Na área de STEM (ciência, tecnologia, engenharia e matemática - na sigla em inglês) essa disparidade é ainda mais acentuada. Apenas 3% dos prêmios Nobel de ciências foram concedidos a mulheres e, no país, a representação de mulheres brasileiras na ciência e tecnologia em cargos de liderança está entre 0% e 2%. 

As mulheres representam apenas 28,2% da força de trabalho, enquanto, em outros setores, essa participação alcança 47,3% conforme dados do Global Gender Gap Report 2024. Além disso, a Organização das Nações Unidas aponta que dobrar a participação feminina no setor de tecnologia poderia gerar um aumento de 600 bilhões de euros no PIB global até 2027. 

A resposta aos desafios 

Diante desse cenário, o British Council lançou no Brasil, em 2018, o Programa Mulheres na Ciência, com o objetivo de ampliar a representatividade feminina em STEM, evidenciando desigualdades e promovendo a diversidade. 

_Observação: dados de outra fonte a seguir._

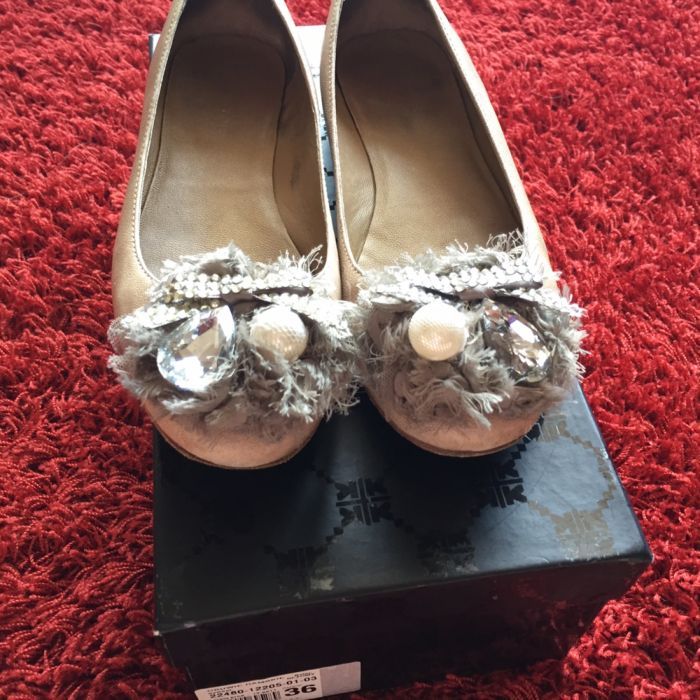 Skórzane baleriny Kazar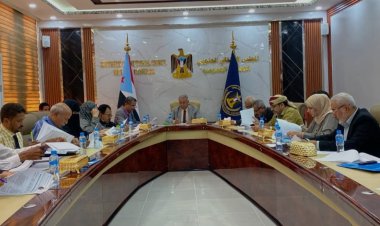 العاصمة عدن.. مجلس المستشارين يقف أمام الوضع الخدمي والتعليمي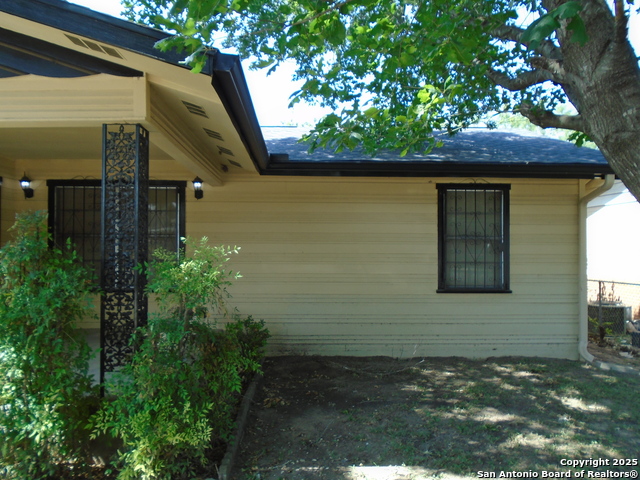 Listing photo id 15 for 739 Theo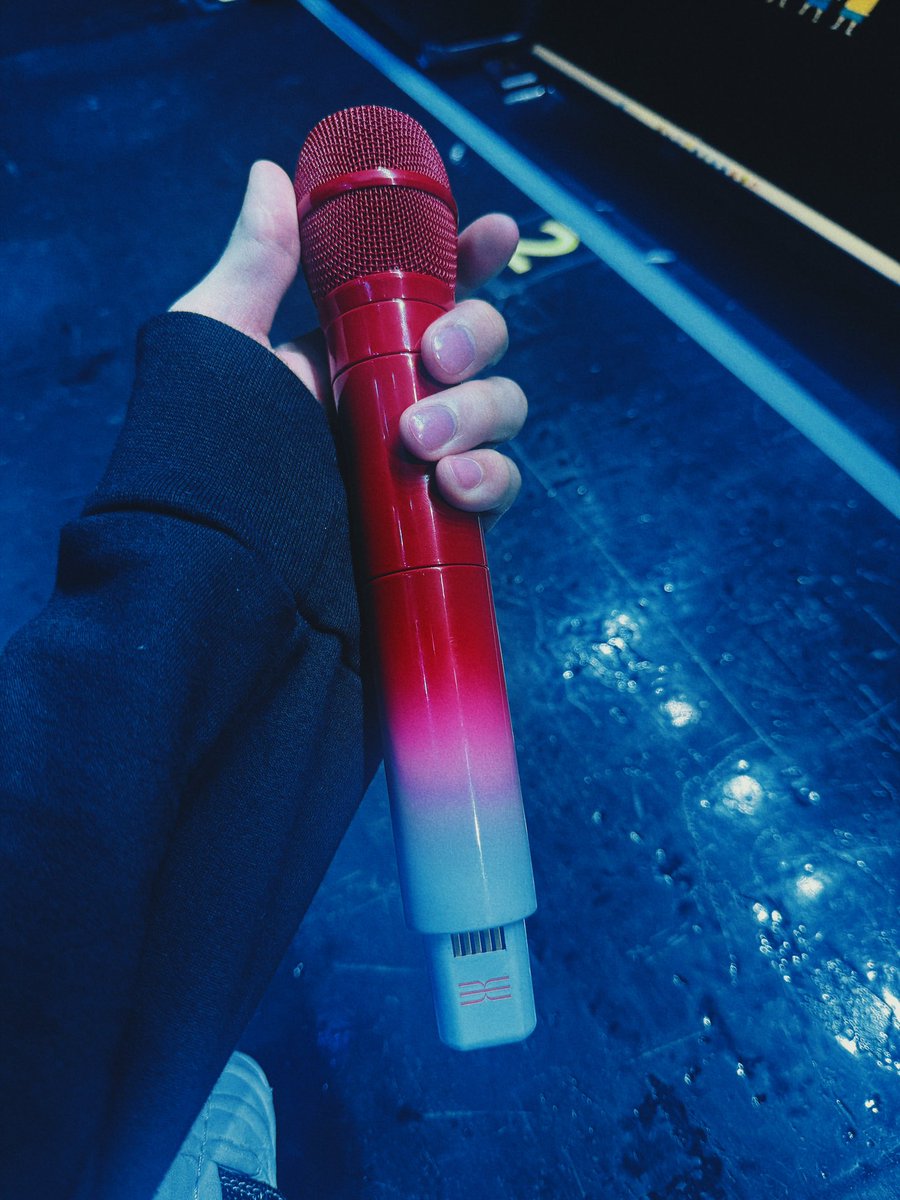 BamBam1A's tweet photo. OSAKA D-DAY🇯🇵

もうすぐ会いましょう🔥
#AREA52 https://t.co/63LrpY7Yfe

A estratégia do programa busca fortalecer sistemas e criar oportunidades para colaborações sólidas. Atuando como catalisador, conecta cientistas mulheres a instituições do Brasil, das Américas e do Reino Unido, fomentando o desenvolvimento individual e institucional.  

Guiado por três dimensões fundamentais ao longo de seu ciclo de vida — inspiração, desempenho e influência —, o programa tem alcançado resultados expressivos. 

  • ​​​Inspiração: incentivar meninas e jovens mulheres a explorarem carreiras científicas 
  • Desempenho: apoiar o desenvolvimento e a progressão na carreira de pesquisadoras 
  • Influência: aumentar a visibilidade e o impacto das contribuições de mulheres na ciência.  

 Parcerias e projetos

O programa atua em colaboração com governos, universidades, museus e organizações internacionais. Diana Daste, diretora de Engajamento Cultural do British Council no Brasil, reforça a visão da iniciativa: “Estamos empenhados em incentivar diferentes projetos que promovam a participação de meninas na ciência e celebrem a diversidade de culturas e identidades porque acreditamos nisso: o futuro é para todos”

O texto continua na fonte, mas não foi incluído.